Cuando el timbre sonó, ya era de noche. Marcos no estaba esperando a nadie y se asomó a la ventana de su casa, en Derqui, extrañado. Del otro lado, la silueta de un policía alcanzaba a distinguirse en la oscuridad. ¿Por qué estaba la Policía en su casa? ¿Qué tan importante era lo que pasaba cómo para tocarle el timbre tan tarde?
El oficial le preguntó su nombre y le mostró la notificación que tenía en la mano. Era para él, Marcos Lucas Ramón Otero, que en ese entonces era un joven de 23 años. El papel tenía, además, los datos de una mujer: Romina Rizzaro, un nombre y un apellido que Marcos nunca antes había escuchado.
Marcos no terminó de entender, aunque lo que decía esa notificación iba a desmoronar la vida que había tenido hasta ese día.
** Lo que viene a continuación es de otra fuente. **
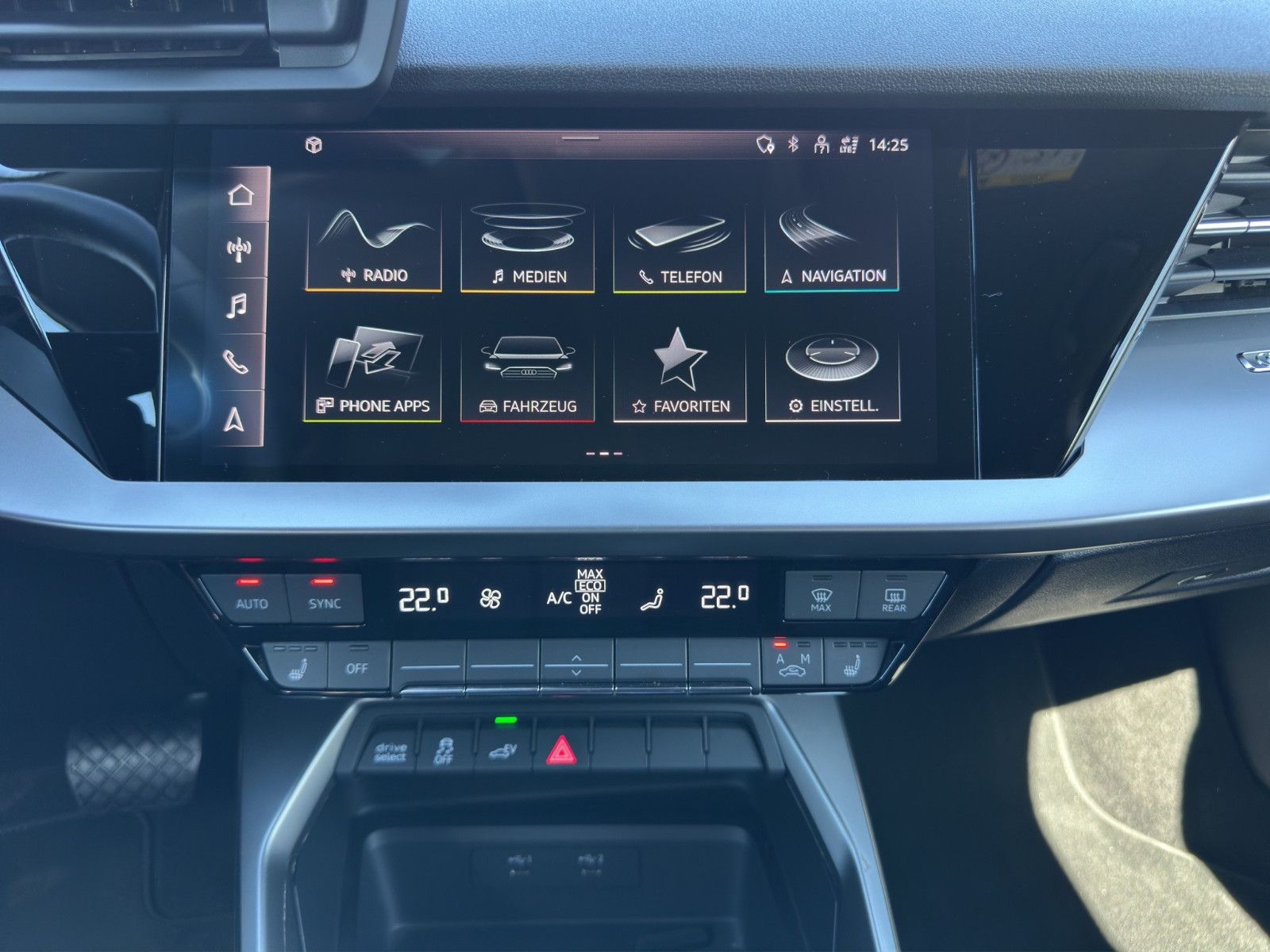 Audi A3 Sportback 40 TFSI e Str. - Samsaru's Car Outlet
Debía presentarse en el Juzgado Federal Nº 1 de Campana en una causa por los delitos de “alteración del estado civil de un menor de 10 años” y “falsedad ideológica de instrumento público”.
Dos días después, todavía creyendo que se habían equivocado de persona, Marcos fue al juzgado.
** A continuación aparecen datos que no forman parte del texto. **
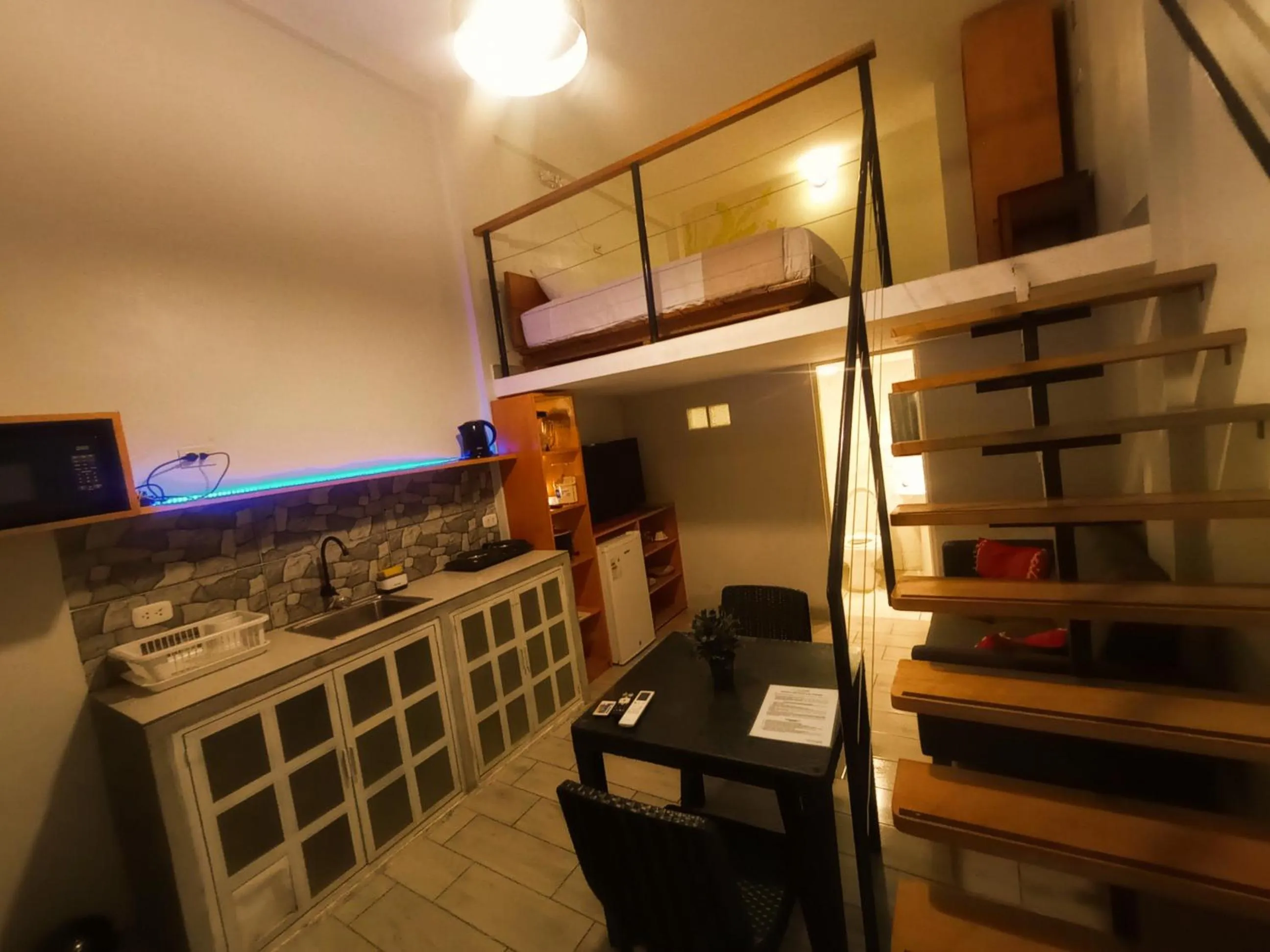 Photo of the whole room in Mi Quinta Raíz Loft Apartments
“Ahí me enteré de que tenía una madre biológica y que me estaba buscando”, cuenta él a Infobae. Era febrero de 2016 y el resto lo supo en mayo, de boca de esa mujer que había pasado más de 20 años buscándolo. Llorando en la mesa de un bar, Romina Rizzaro le contó una historia que él escuchó en silencio, con una sensación sólida de irrealidad, como si estuviera viendo una ficción.
“Me contó que sus padres se habían separado cuando ella tenía 5 años; después, su madre se había juntado con un hombre. Y que ese hombre, su padrastro digamos, había abusado sexualmente de ella desde los 8 años”, arranca. “Que cuando tenía 13 años su padrastro la dejó embarazada, y que yo había nacido el 23 de julio del año 93 producto de esa aberración”.
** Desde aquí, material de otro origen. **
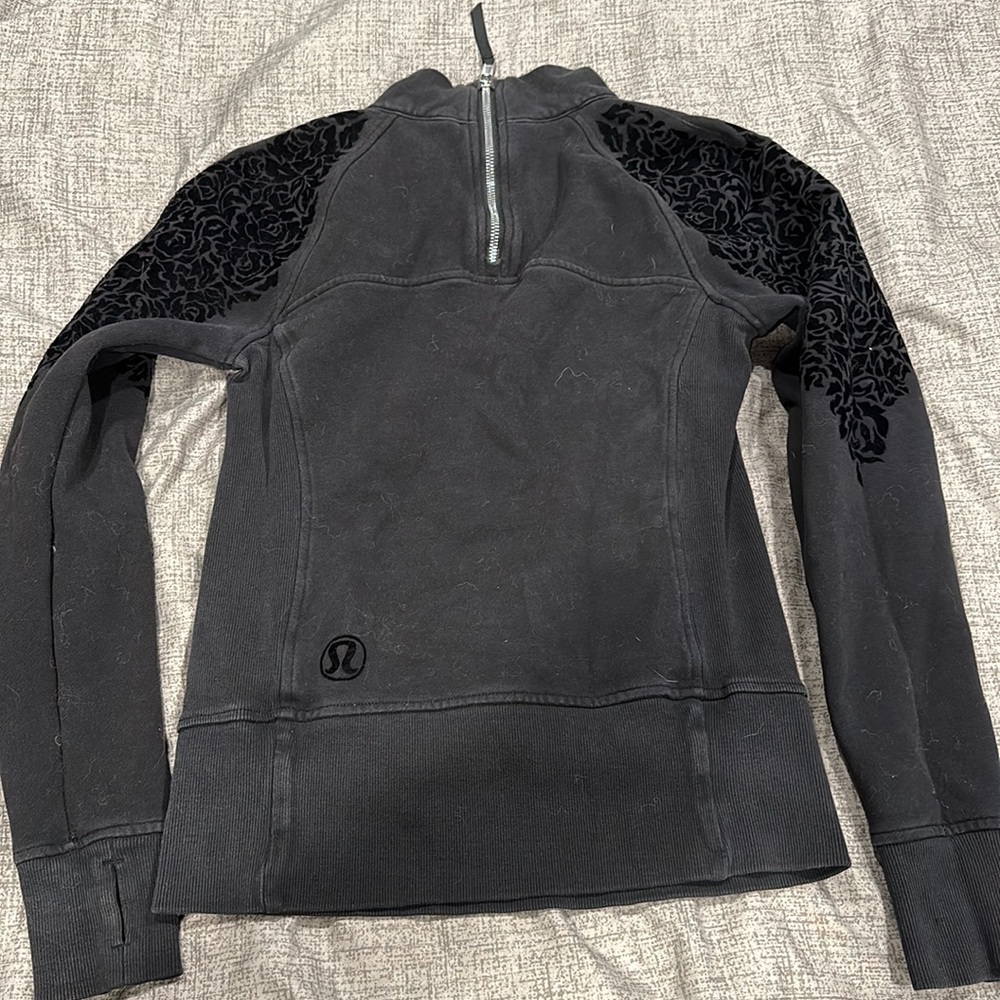 Lululemon Pullover - image 4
Van a cumplirse siete años de aquel timbre sonando en la noche y Marcos sigue siendo, en todos sus documentos legales, Marcos Lucas Ramón Otero.
“Sigo viviendo con una identidad falsa, yo no soy ese”, se queja, y se refiere a que ese es el apellido del hombre que lo apropió primero y lo abandonó después, como quien se arrepiente de haber llevado a casa a un perrito.
Lo que está por contar es la vida de un joven que lleva siete años tratando de construir un vínculo sano con esa madre, “aunque no es fácil, yo soy la cara punzante de su violador”, suspira. No es fácil cicatrizar y tratar de construir, mucho menos cuando la Justicia, que podría reparar algo del daño, se toma tanto, tanto, tanto tiempo.
Quién soy
Cuando le llegó la notificación, Marcos vivía con Romilda, su madre “adoptiva”, en Derqui, Pilar. Tenía 23 años y siempre había creído la historia que le habían repetido desde la infancia: “Que yo era fruto de una aventura que había tenido mi padre con una chica más joven, y que después de eso me habían adoptado”.
Vivía solo con ella porque “mi padre postizo, o mi apropiador mejor dicho, se había ido de un día para el otro cuando yo tenía 15 años. Mi madre era muy mayor y quedó muy deteriorada, de salud y anímicamente. Así que yo sabía que era adoptado pero en mi adolescencia eso pasó a un segundo plano: antes de ponerme a buscar mi origen tenía que asegurarme de que pudiéramos comer”.
Como único sostén de hogar -ese “padre” se había ido a Uruguay y había perdido todo vínculo con la familia- Marcos había vendido diarios y reparado electrodomésticos, así que cuando supo que su mamá biológica lo estaba buscando no sintió alegría sino que se preguntó “¿por qué ahora, después de tantos años?”.
Marcos no había tenido una vida fácil y todavía creía que Romina había sido “la chica de la aventura”.
Tres meses después de la notificación y cuando la prueba de ADN ya había dado 99.9% positivo, se vieron por primera vez.
“Yo estaba en el juzgado esperando para firmar unos papeles, ella se acercó y me dijo ‘¿vos sos Marcos? Yo le contesté ‘sí’, y ella me extendió la mano y me dijo ‘mucho gusto, soy Romina’. No fue lo que uno imagina de un reencuentro entre una madre y un hijo, pero en ese momento éramos dos desconocidos”.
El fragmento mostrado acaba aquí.